La perte de 4,6 % sur la CVAE est estimée entre 400 et 500 millions, ce qui est très faible eu égard à ces dynamiques de recettes.
La situation est donc plutôt bonne. Elle doit permettre de favoriser les investissements et de donner de la visibilité aux différents acteurs. Une loi de programmation des finances publiques sera utile pour l'État, les administrations de sécurité sociale et les administrations publiques locales.
Nous devons également mettre à profit ces lois de programmation et la loi organique défendue par M. le président de la commission et M. le rapporteur général pour améliorer la lisibilité des crédits. Beaucoup peut être fait pour simplifier les annexes et les informations budgétaires, pour rationaliser les taxes affectées et pour rebudgétiser les comptes spéciaux. Bien souvent – même si je ne connais pas parfaitement le budget de la recherche – la multiplication des fonds de concours sans personnalité morale et des extra-budgétisations interdisent la clarté.
Je souhaite enfin que le secrétariat général pour l'investissement – la nouvelle gouvernance de France 2030 – rende l'information beaucoup plus accessible pour ceux qui sont chargés de contrôler l'action du Gouvernement.

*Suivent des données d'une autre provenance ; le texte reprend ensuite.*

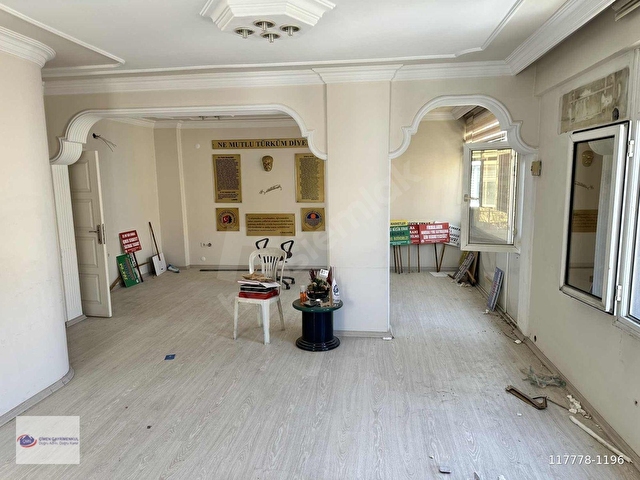 ÇİMENDEN MERKEZİ KONUMDA KİRALIK OFİS - Görsel 7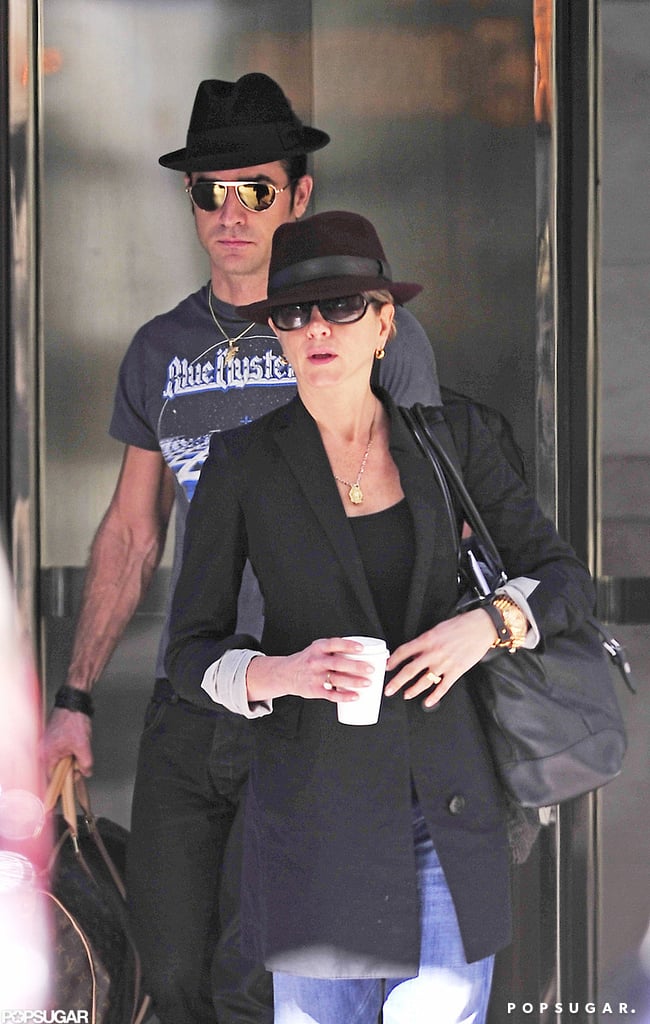 这对夫妇离开他们的纽约建筑2011年10月穿着相配的帽子。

S'agissant des aides aux entreprises, les critères en vigueur ne permettent pas à chacune d'elles d'être éligible à la prise en charge des coûts fixes. Mais, dès lors qu'elles réalisent des bénéfices, une aide ne s'impose pas ! J'ajoute que si l'excédent brut d'exploitation est positif malgré une diminution du chiffre d'affaires de 60 % ou 80 %, c'est également parce que les coûts fixes sont pris en charge en matière d'activité partielle et de cotisations. Bref, nous n'avons pas de solution pour accompagner les entreprises bénéficiaires. Certaines collectivités demandent d'ailleurs aussi des compensations alors que leur propre épargne brute a augmenté entre 2020 et 2021, ce qui est un peu paradoxal.
Les difficultés de recrutement, bien sûr, sont un frein à l'activité économique et à la croissance. Nous n'avons pas les moyens de le mesurer quantitativement, mais cela fait systématiquement partie des retours de terrain.
Quant à la perte de TVA liée aux importations provenant d'États membres de l'Union, si nous disposons de chiffres à ce sujet, nous les communiquerons à M. Labaronne.
Enfin, je me réjouis de l'appréciation portée par Paul Krugman sur notre stratégie. Il est bon de rappeler ce qui fonctionne et c'est encore plus crédible quand cela vient de l'extérieur. Ce regard est précieux et encourageant.